The Myth of Counterfactual Dependence

By | March 18, 2022

At least since Alvin Plantinga’s and David Lewis’s work on modal metaphysics, philosophers have frequently appealed to the notion of counterfactual dependence to analyze concepts like causation and grounding. David Lewis also uses the concept to understand the asymmetry of time:

The way the future is depends counterfactually on the way the present is. If the present were different, the future would be different; … Likewise the present depends counterfactually on the past.
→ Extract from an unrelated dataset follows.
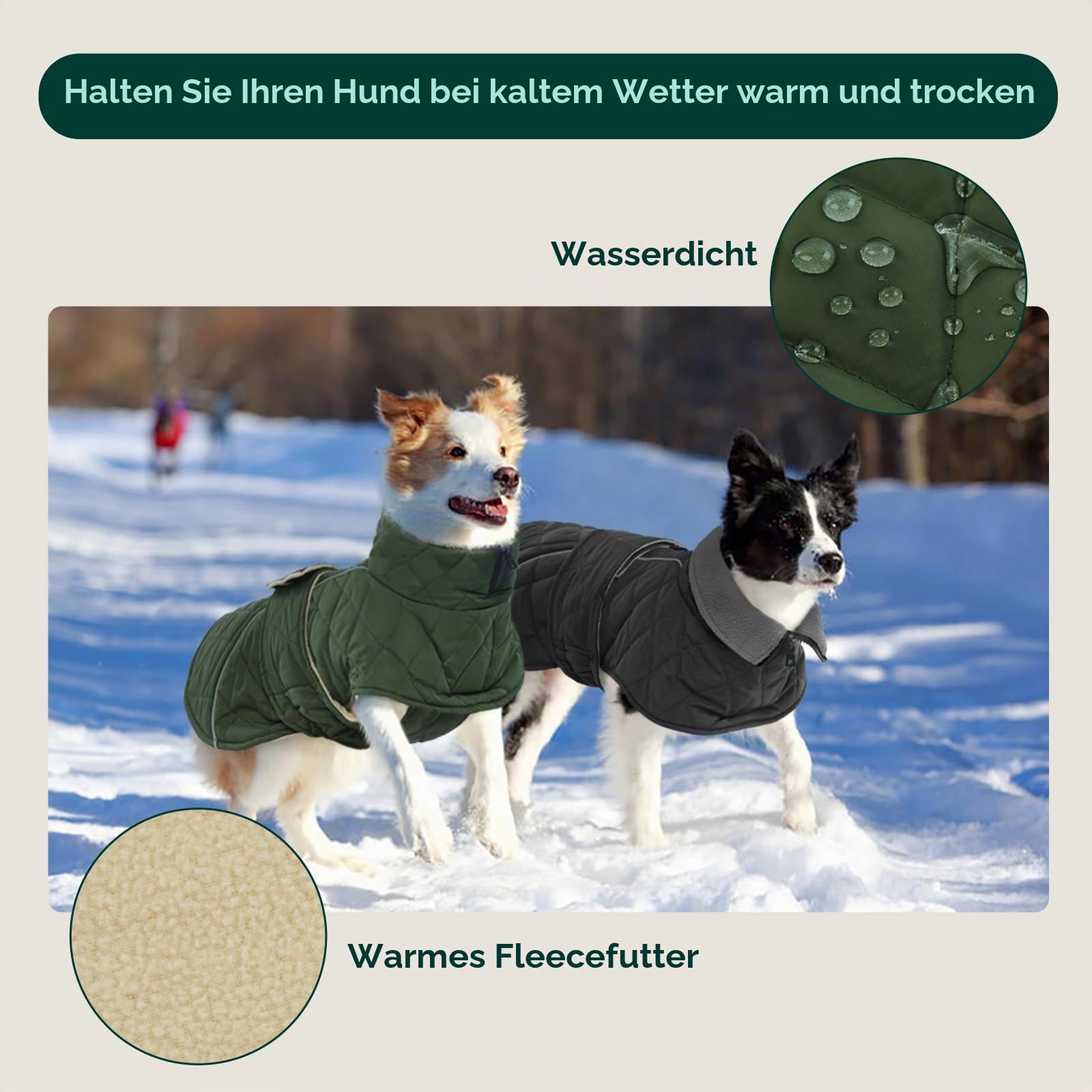 Kuoser Hundemantel für Mittelgroße Große Hunde, Hundejacke Wasserdicht Warm, Wintermantel mit Hohem Kragen & Klettverschluss, Elastischer Bauch, XL Grün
In the philosophy of religion the notion has been widely used to solve problems dealing with God’s relation to creation. Want to reconcile divine responsiveness to prayer with divine timelessness? Just say that what this means is that if we had prayed otherwise, or not prayed at all, then God would have done otherwise. Want to reconcile divine foreknowledge with creaturely freedom? Just say that if we had chosen otherwise than God foreknows, then God would have foreknown otherwise. In both cases, a merely counterfactual relation is invoked to cash out a kind of “dependence” of God on creation.

Despite these uses of counterfactual dependence by venerable philosophers, I maintain that counterfactual dependence is a myth because merely counterfactual dependence is not actually a kind of dependence. Genuine dependence is categorical, not conditional and a fortiori not counterfactual.
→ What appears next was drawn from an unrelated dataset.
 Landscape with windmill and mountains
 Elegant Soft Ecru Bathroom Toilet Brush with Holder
In the first place, consider the truism that correlation does not entail causation. That A correlates with B may suggest a causal relationship between them, but it does not and cannot by itself establish such a relationship. In general, a positive correlation between A and B is compatible with (a) A’s causing B, (b) B’s causing A, (c) C’s causing both A and B, and (d) sheer coincidence. The correlation by itself cannot tell us which of (a)–(d) is the case. Of course, when combined with other information, including other documented correlations, it may contribute to a cumulative case that strongly favors one of those options. Correlation can be evidence of causation, but it is not, and cannot, be causation. Nomically governed causal relations may imply correlations, but causation cannot be reduced to correlation. The same goes for any other asymmetric or anti-symmetric dependence relation (e.g., grounding).
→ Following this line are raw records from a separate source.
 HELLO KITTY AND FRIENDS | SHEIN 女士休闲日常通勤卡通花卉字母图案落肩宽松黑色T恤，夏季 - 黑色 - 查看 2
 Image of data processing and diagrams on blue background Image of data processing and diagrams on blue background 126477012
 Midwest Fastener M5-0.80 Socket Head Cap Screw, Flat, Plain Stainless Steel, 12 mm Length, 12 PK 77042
Now consider a typical counterfactual (aka subjunctive conditional):

If A were the case then C would be the case.

What does this conditional tell us about the relationship between A (antecedent) and C (consequent)? It tells us that there is some kind of necessary correlation between A and C, i.e., there is no relevantly possible A-scenario that isn’t also a C-scenario. And that’s all it tell us. It doesn’t tell us why this correlation obtains. Is it because A grounds, causes, or in some way necessitates C? Perhaps. Or maybe it’s because C grounds, causes, or in some way necessitates A—and there is no other relevantly possible way A could obtain. That would also satisfy the conditional. Or maybe there is some third thing that grounds, causes, or in some way necessitates both A and C and does so in a way that rules out scenarios in which A obtains and C doesn’t. That would also work. In short, the conditional is compatible with C’s depending on A, A’s depending on C, and with neither depending on the other. The only thing a necessary correlation rules out is sheer coincidence.

Genuine dependence is categorical, not conditional. To say that B depends on A is not merely to say that some kind of conditional relation (e.g., If A then B) holds between them. It is to say something categorical about A and B. For example, to say that A causes B is to say something like this: A obtains or has obtained, B obtains or will obtain, and A brings it about that B. The notion of “bringing about” plausibly entails a conditional like If A then B or If A had not obtained then B would not have obtained, but the central claims are all categorical. That B depends on A tells us something about A, something about B, and something about a relation that actually and not just hypothetically obtains between then.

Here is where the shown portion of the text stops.